Afrika-Europa: AIDS, Malaria und Tuberkulose bekämpfen

mosambik.gifDie Europe and Developing Countries Clinical Trials Partnership (EDCTP) hat sich zum Ziel gesetzt, die Forschung über und die Entwicklung neuer Medikamente gegen HIV/AIDS, Malaria und Tuberkulose entscheidend voranzutreiben. An dem Projekt sind 14 europäische und 47 afrikanische Länder beteiligt. Kernelement der Partnerschaft ist die Durchführung langfristiger klinischer Studien direkt in den Entwicklungsländern und die transnationale Vernetzung der Forschungseinrichtungen.
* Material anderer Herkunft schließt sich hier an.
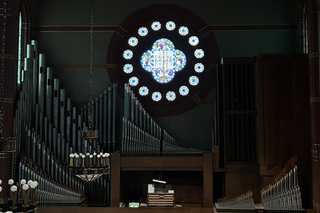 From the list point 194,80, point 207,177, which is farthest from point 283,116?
point 194,80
Dr. Pascoal Mocumbi war bis 2004 noch der Premierminister Mosambiks und hat dort eine nationale Strategie zur Bekämpfung von HIV/AIDS entwickelt. Mittlerweile nutzt er sein Wissen, um den Ausbau eines seit 2003 bestehendes europäisch-afrikanisches Kooperationsnetzwerk für klinische Langzeitstudien voranzutreiben. In das Projekt mit dem etwas sperrigen Namen „Europe and Developing Countries Clinical Trials Partnership“, kurz EDCTP, sind 14 Länder der EU und 47 Länder Subsahara-Afrikas involviert.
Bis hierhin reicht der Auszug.